_Your goal_. Every record below is to be retyped exactly, with any pictures left out.

_Exercise data_.
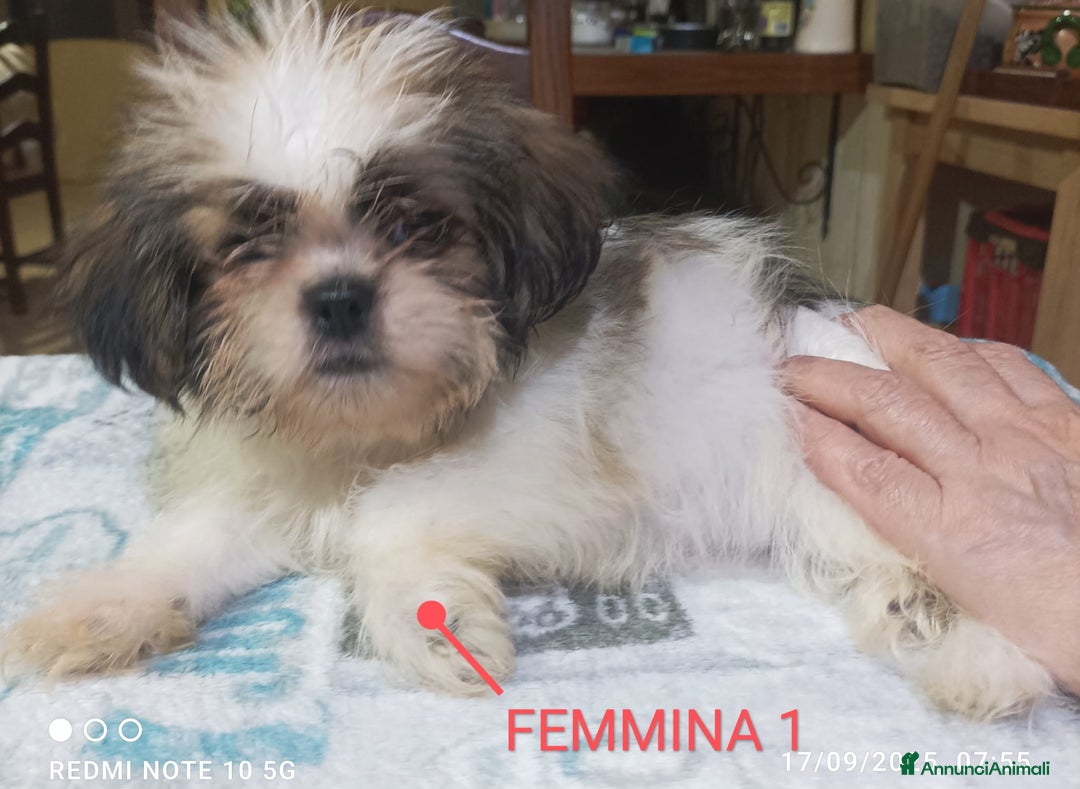 Shih Tzu cani in vendita: Cuccioli di shitzu  - Annuncio 3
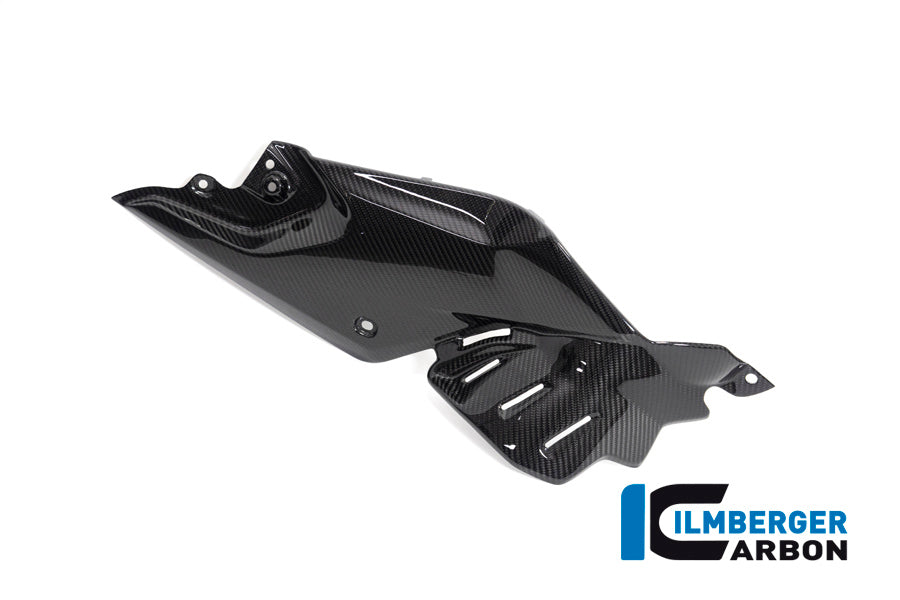 Ilmberger Carbon Side Panel Under The Tank Right BMW R 1250 R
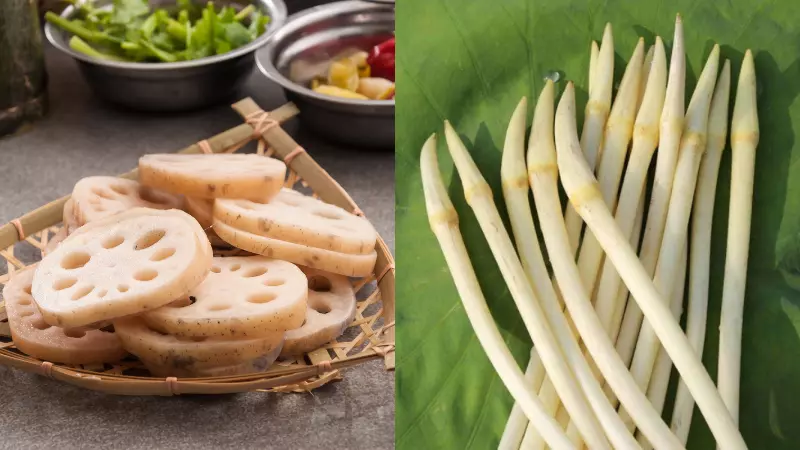 Ngó sen và củ sen là một và đều là phần thân của cây hoa sen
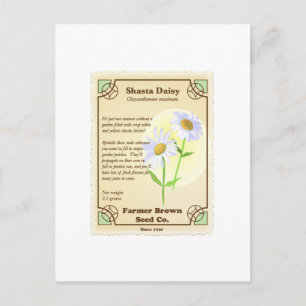 Shasta Daisy Seed Packet Postkarte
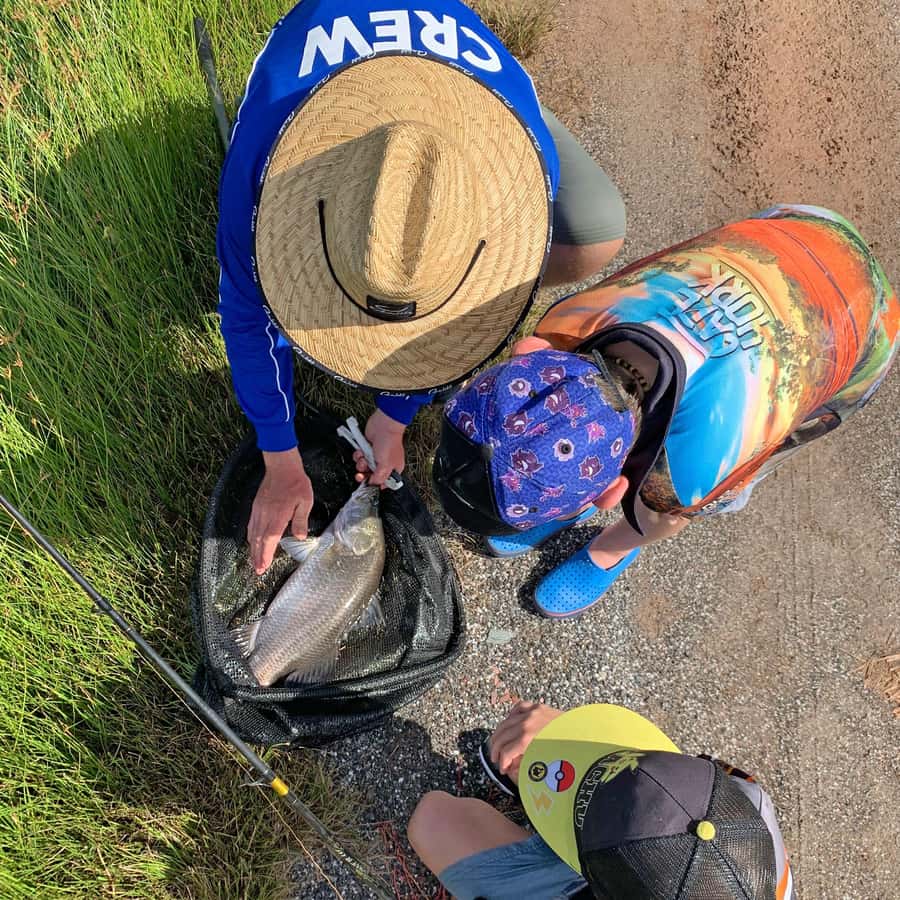 From Port Douglas: Barramundi Pond Fishing with Lunch - Why this Daintree fishing trip works so well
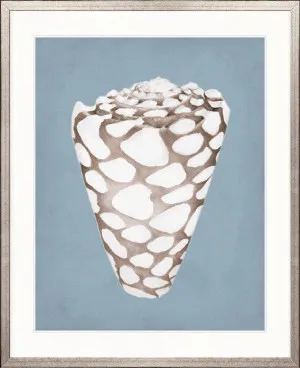 La Mesa Bay Shell V by Designer Boys, a Premium Art for sale on Style Sourcebook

_Answer to this problem_.
 Shih Tzu cani in vendita: Cuccioli di shitzu  - Annuncio 3
 Ilmberger Carbon Side Panel Under The Tank Right BMW R 1250 R
 Ngó sen và củ sen là một và đều là phần thân của cây hoa sen
 Shasta Daisy Seed Packet Postkarte
 From Port Douglas: Barramundi Pond Fishing with Lunch - Why this Daintree fishing trip works so well
 La Mesa Bay Shell V by Designer Boys, a Premium Art for sale on Style Sourcebook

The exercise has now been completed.